As with most things, I try to see both perspectives in an attempt to form my own opinion and I would encourage you as you read on to also do the same. This article is based on my thoughts on the subject but is certainly not the only perspective that should be considered.

Why do Artists Find AI Art So Threatening?

I shouldn’t really have to explain this, but for the sake of argument, I will. As a general statement, many artists already struggle with feeling like what they do is devalued. From having to justify why they are charging a certain amount for custom artwork, to explaining why “exposure” is often not a viable form of payment, it already feels like we are constantly battling those who expect to get original art for the price of a mass-produced print from IKEA.

When you spend multiple hours every day and years improving your craft, it shouldn’t be surprising that it can feel deflating when something comes along that potentially aims to replace you at the click of a button. AI doesn’t need vacation time, a lunch break, or benefits, it won’t ask for a raise, and isn’t going to have a personal conflict with Sara in accounts that makes for an awkward work relationship.

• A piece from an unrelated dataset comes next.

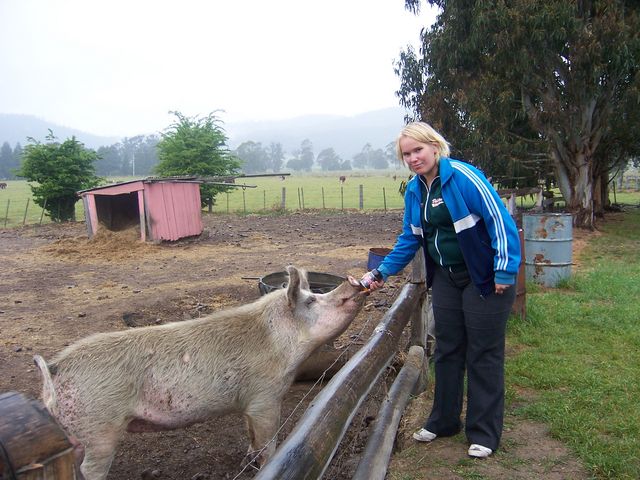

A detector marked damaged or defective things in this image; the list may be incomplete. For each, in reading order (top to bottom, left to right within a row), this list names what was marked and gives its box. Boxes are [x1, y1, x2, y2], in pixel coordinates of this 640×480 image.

rusty metal barrel [524, 213, 572, 286]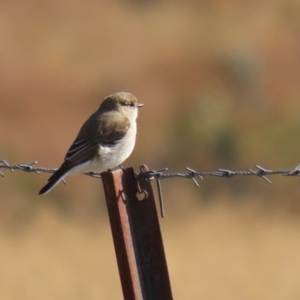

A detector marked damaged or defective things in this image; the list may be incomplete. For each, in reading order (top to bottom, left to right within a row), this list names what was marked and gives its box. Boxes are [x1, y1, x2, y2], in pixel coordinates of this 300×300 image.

Related: 10 Effective Ways for Artists to Make Money

Now to make this matter more complicated, many AI-generating programs draw from existing artists’ work that is available on the internet to inform their algorithm and generate the artwork. This is where the stealing comes in. On some of the apps available, you could explicitly give it directions to create a portrait of you in the style of your favorite artist.

Depending on how good the app is, it could create a convincing render. So apparently now artists not only have to be worried about watermarking their images on the web in hopes they aren’t stolen but there are apps that can essentially impersonate their style as well. Someone could even potentially pretend to be you going as far as creating fake works under your name.

“Robot Painting at an Easel” (Prompt by Eric Griffith; Generated on Midjourney) – Image sourced from

An argument here can be made that all artists are influenced by other artists’ work and borrow from each other’s styles all the time. This is definitely true. However, where this becomes a problem is if the apps are profiting off of this and enough business is significantly taken away from the artists whose style it is copying.

You could argue back that most people who really want a James Jean piece, for example, won’t go in that direction anyway. Since AI art currently only exists digitally it’s not like you could sell a painting falsely under their name right? I suppose if you were to hire a good enough copyist you probably could but that’s a rabbit hole for another time.

What if for example, someone created a digital artwork that looked a lot like a famous artist’s style and then tried to sell it as prints or an NFT? There are already issues with accounts on social media that at a glance convincingly pretend to be other people. What’s to stop them from tricking people into thinking they are purchasing from and supporting an artist they love when instead they are giving their money to a fraudulent person? Not only have they been stolen from as well but the purchased artwork would not have the value that they thought it did.

AI-generated Art For Fun

Many people in my social media feeds have been trying out an Ai avatar generator in a way that I would call the latest version of a fun filter. If you’ve ever wanted to know what you would look like in a bunch of different creative art styles you can do it without having to pay even a single artist the hundreds or thousands of dollars that it would cost you to do it. You won’t even wait a fraction of the time it would take to create it. For our instant-gratification-wants-everything-for-nothing-based society why wouldn’t this be appealing, right?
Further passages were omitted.